‘Muslims Must Condemn!’
In the second year after the Prophet Muḥammad’s (sall Allāhu ʿalayhi wa sallam) migration from Makkah to Medina, when hostilities between the Quraysh and the fledgling Muslim community in Medina were at a peak, the Muslim community was faced with a controversy which struck at the heart of accepted norms and morality in the Arabian Peninsula. A small platoon headed by ʿAbdullāh b. Jahsh reached a region called Nakhlah, where they encountered a trade caravan belonging to the Quraysh, who of course had confiscated the homes, properties and businesses of Muslims from Makkah. The platoon attacked the caravan, confiscated its goods and took two men as prisoners of war, who were later released. The third man, ʿAmr b. Hadrami, was killed in the attack.

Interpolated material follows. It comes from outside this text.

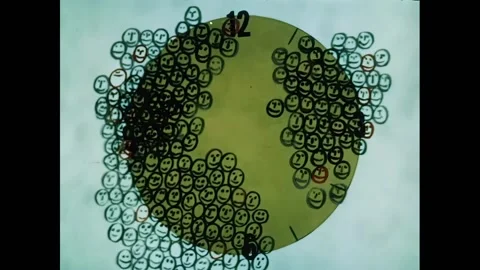 USA - 1952 - A clock is shown and faces are illustrated on top of it. A line Stock Footage 327743027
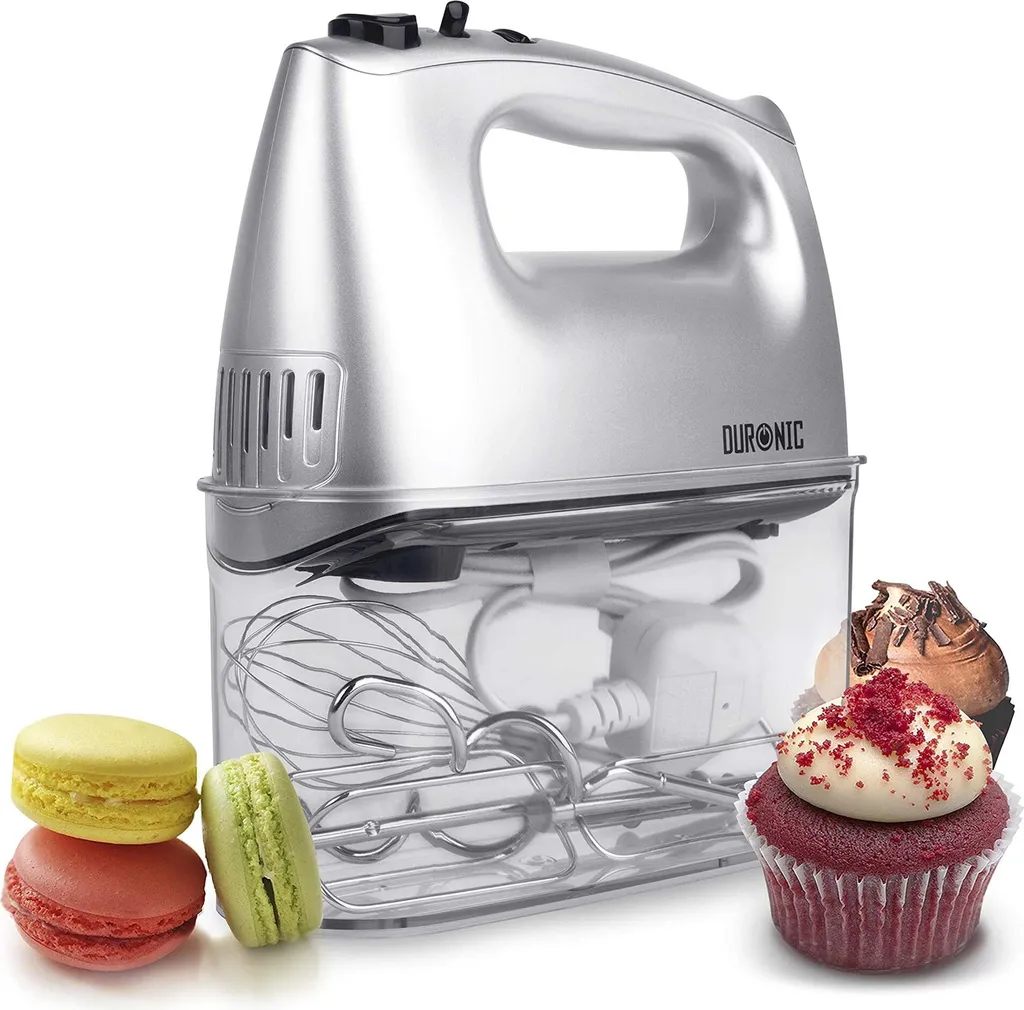 Duronic HM4/SR Electric Hand Mixer | 400 Watts | Storage Box | Turbo Function | Stainless Steel | 2 Beaters | 2 Dough Hooks | Whisk | Mixer | Hand Mixer | Ideal for Cakes, Mash, Whisk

The controversy here was not the fact that an attack took place. The controversy here was that the attack took place in the final day of Rajab, one of the four sacred months of the Islamic calendar wherein fighting and killing was strictly prohibited. The Arabs recognised the sanctity of these months and the Qur’ān confirms this tradition. The incident left the Muslim community feeling anxious and distraught that one of their own had violated the accepted norms and morality of the Arabs. The Quraysh also took this as an opportunity to intensify their propaganda against the Prophet Muḥammad (sall Allāhu ʿalayhi wa sallam). The response from the Qur’ān was succinct, balanced and comprehensive:
“They ask you about the sacred month – about fighting therein. Say, “Fighting therein is a great sin, but averting [people] from the way of Allāh and disbelief in Him and [preventing access to] al-Masjid al-Harām and the expulsion of its people therefrom are greater [evil] in the sight of Allāh…”
This verse provides a blueprint for the turbulent times we find ourselves in today. The Qur’ān unequivocally condemns major sins which, in this case, was fighting in the sacred months, but that condemnation was fair, balanced and universal. One group of people should not be exempt from criticism while another are subject to intense scrutiny. The verse not only emphasised the strict prohibition of violating the sacred months, which the Muslims had been accused of, but also reiterated that averting people from the way of Allāh, disbelieving in Him and preventing access to the sacred mosque while expelling its inhabitants were also major sins.
This famous incident from the sīrah, of course, is not intended to bring any blemish on the nobility of the Companions. Ibn Kathīr explains that the platoon were confused about whether they were still in the sacred month or had moved to the next month, and they feared not fulfilling their mission. Their actions were in good faith and they were the best of generations brought forth to support the best of Prophets, and even their mistakes are destined as a valuable source of moral lessons and guidance for all times. But the incident does teach us that the utmost priority is always to clarify the truth and be balanced in our condemnations.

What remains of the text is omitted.